Hi all, thanks for the great work on Flux and Zygote!
Quick summary:
I’m training a simple (feedforward, relu) neural network on MNIST.
- If I use
Flux.Losses.mse
as a loss function, my code works - If I use
Flux.Losses.logitcrossentropy
, it crashes
Thus I’m wondering whether this is a bug in Flux/Zygote, rather than in my code?
Stacktrace
(when using logitcrossentropy as my loss function)
ERROR: LoadError: Mutating arrays is not supported
Stacktrace:
[1] error(s::String)
@ Base ./error.jl:33
[2] (::Zygote.var"#407#408")(#unused#::Matrix{Float32})

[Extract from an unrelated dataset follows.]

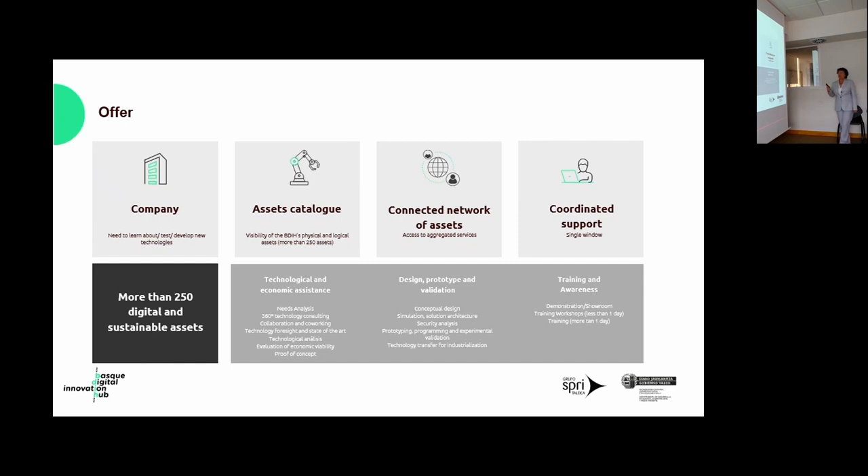The third service is training and awareness, which is equally important given these are innovative technologies for small companies. In this service, we provide demonstrations, showrooms, training workshops, and a special session called the Deep Dive Workshop — an in-depth analysis session offering companies use cases and demonstrations of our assets and technologies, showing how they solve specific needs. These sessions provide a hands-on experience and allow companies to interact directly with asset technicians.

@ Zygote ~/.julia/packages/Zygote/i1R8y/src/lib/array.jl:61
[3] (::Zygote.var"#2269#back#409"{Zygote.var"#407#408"})(Δ::Matrix{Float32})
@ Zygote ~/.julia/packages/ZygoteRules/OjfTt/src/adjoint.jl:59
[4] Pullback
@ ./broadcast.jl:894 [inlined]
[5] Pullback
@ ./broadcast.jl:891 [inlined]
[6] Pullback
@ ./broadcast.jl:887 [inlined]
[7] Pullback
@ ~/.julia/packages/NNlib/LiXUT/src/softmax.jl:123 [inlined]
[8] (::typeof(∂(#∇logsoftmax!#60)))(Δ::Matrix{Float32})
@ Zygote ~/.julia/packages/Zygote/i1R8y/src/compiler/interface2.jl:0
[9] Pullback
@ ~/.julia/packages/NNlib/LiXUT/src/softmax.jl:123 [inlined]
[10] (::typeof(∂(∇logsoftmax!##kw)))(Δ::Matrix{Float32})
@ Zygote ~/.julia/packages/Zygote/i1R8y/src/compiler/interface2.jl:0
[11] Pullback
@ ~/.julia/packages/NNlib/LiXUT/src/softmax.jl:113 [inlined]
[12] (::typeof(∂(#∇logsoftmax#56)))(Δ::Matrix{Float32})
@ Zygote ~/.julia/packages/Zygote/i1R8y/src/compiler/interface2.jl:0
[13] Pullback
@ ~/.julia/packages/NNlib/LiXUT/src/softmax.jl:113 [inlined]
[14] (::typeof(∂(∇logsoftmax##kw)))(Δ::Matrix{Float32})
@ Zygote ~/.julia/packages/Zygote/i1R8y/src/compiler/interface2.jl:0
[15] Pullback
@ ~/.julia/packages/NNlib/LiXUT/src/softmax.jl:128 [inlined]
[16] (::typeof(∂(λ)))(Δ::Tuple{Nothing, Matrix{Float32}})
@ Zygote ~/.julia/packages/Zygote/i1R8y/src/compiler/interface2.jl:0
[17] Pullback
@ ~/.julia/packages/Zygote/i1R8y/src/compiler/chainrules.jl:77 [inlined]
[18] (::typeof(∂(λ)))(Δ::Tuple{Nothing, Matrix{Float32}})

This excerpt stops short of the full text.